Rodrigo Branco I Foto: Reprodução
Publicado em 01/09/2018 às 14:26

Mudança de estilo no comando da Secretaria de Educação de São Pedro da Aldeia. Sai Walzi Conceição, que tinha fama de intransigente entre os profissionais da rede e foi exonerado ontem pelo prefeito Cláudio Chumbinho (MDB) e entra Alessandro Teixeira, ex-titular pela pasta em Cabo Frio e que promete abrir diálogo com a categoria para tentar dar fim à greve dos servidores da área, que completa duas semanas nesta segunda-feira (3). Alessandro afirmou para a reportagem que terá uma reunião com Chumbinho e com os integrantes de sua equipe na manhã de segunda para tratar as diretrizes para a negociação com os professores e funcionários. Alessandro antecipou que será fiel ao seu estilo de ouvir pacientemente as reivindicações.

–O melhor caminho da administração pública é conversar com seus representados. Na educação, a gente representa os profissionais da área. A gestão não substitui os professores, os alunos, a família do aluno e muito menos a sociedade. Quero conversar bastante, para compreender o cenário, mensurar as demandas do servidor e das famílias aldeenses – disse Alessandro, que já marcou reunião com os integrantes do sindicato (Sepe Costa do Sol).

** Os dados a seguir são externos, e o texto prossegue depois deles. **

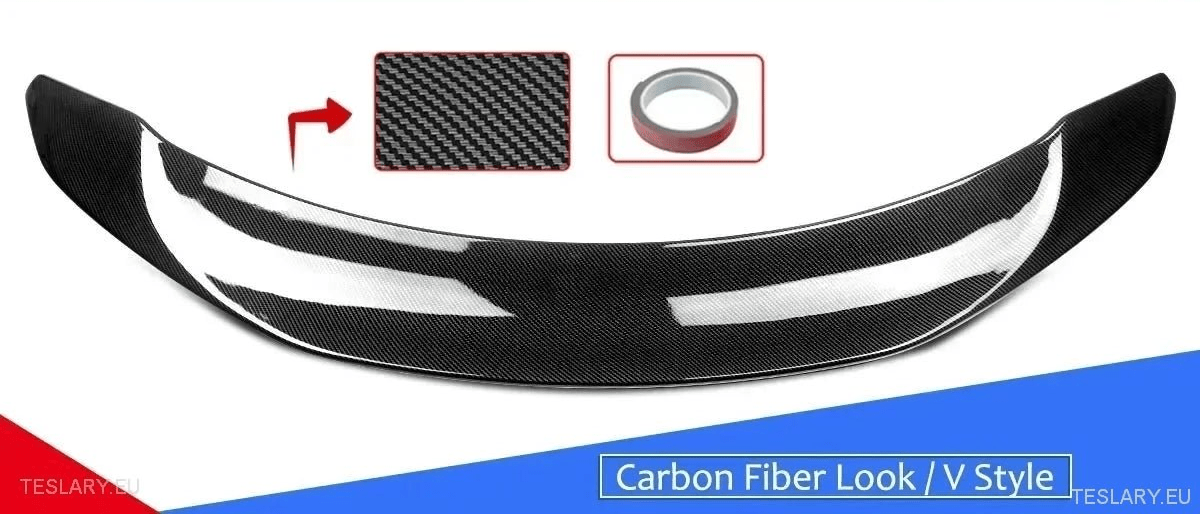 V Type Highkick Sport Spoiler Wing Tesla Model 3 2019 - 2023 - Carbon Fibre Style - TESLARY Tesla Shop Accessories Europe Nederlands Dublin Cork Ireland Deutschland Espana Alicante France Italia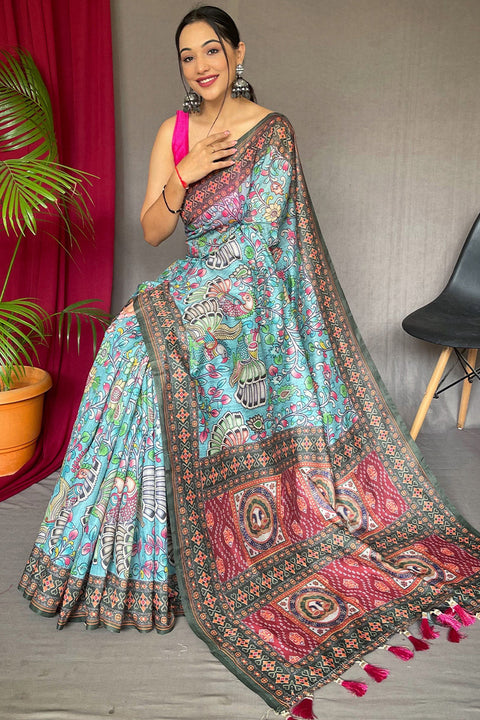 VastraLakshmi Innovative Sky Kalamkari Printed Saree With Preferable Blouse Piece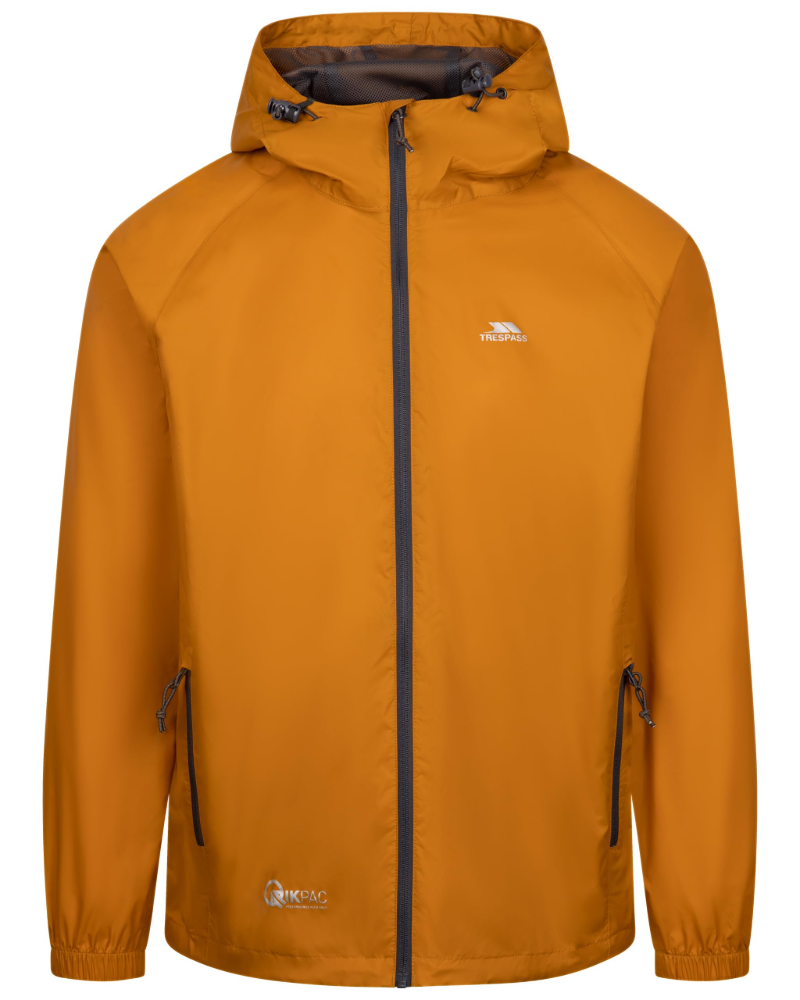 Hunter Men's Packable Waterproof Jacket – Hooded Outdoor Rain Coat with Zip Pockets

Falando nos representantes sindicais, a irritação foi geral com o resultado da audiência no Tribunal de Justiça (TJ-RJ), realizada na noite de quinta-feira (30). O ex-secretário negou todas as reivindicações da categoria, e um acordo ficou emperrado. A situação também irritou Chumbinho e desgastou Walzi.

– Conseguimos por força do nosso movimento uma das nossas pautas que era a saída do Walzi. Essa demanda foi incluída nas nossas reivindicações ontem (anteontem) por conta dessa intransigência, mas o nosso movimento não vai parar por aí. Na nossa assembleia hoje (ontem), a greve foi mantida e na semana que vem vamos começar a fazer atos e parar ruas, para dialogar com a população. São demandas antigas – disse o professor Renato Reis, do Sepe Costa do Sol.

Entre as reivindicações da categoria estão a revisão do Plano de Carreira, Cargos e Remuneração para professores e pessoal de apoio, redução da carga horária do pessoal de apoio, entre outros. A Prefeitura alega ser inviável atender a vários dos pontos exigidos. Os professores também querem ser recebidos por Chumbinho, mas o prefeito aldeense, que não esteve na audiência no Rio, mantém-se irredutível.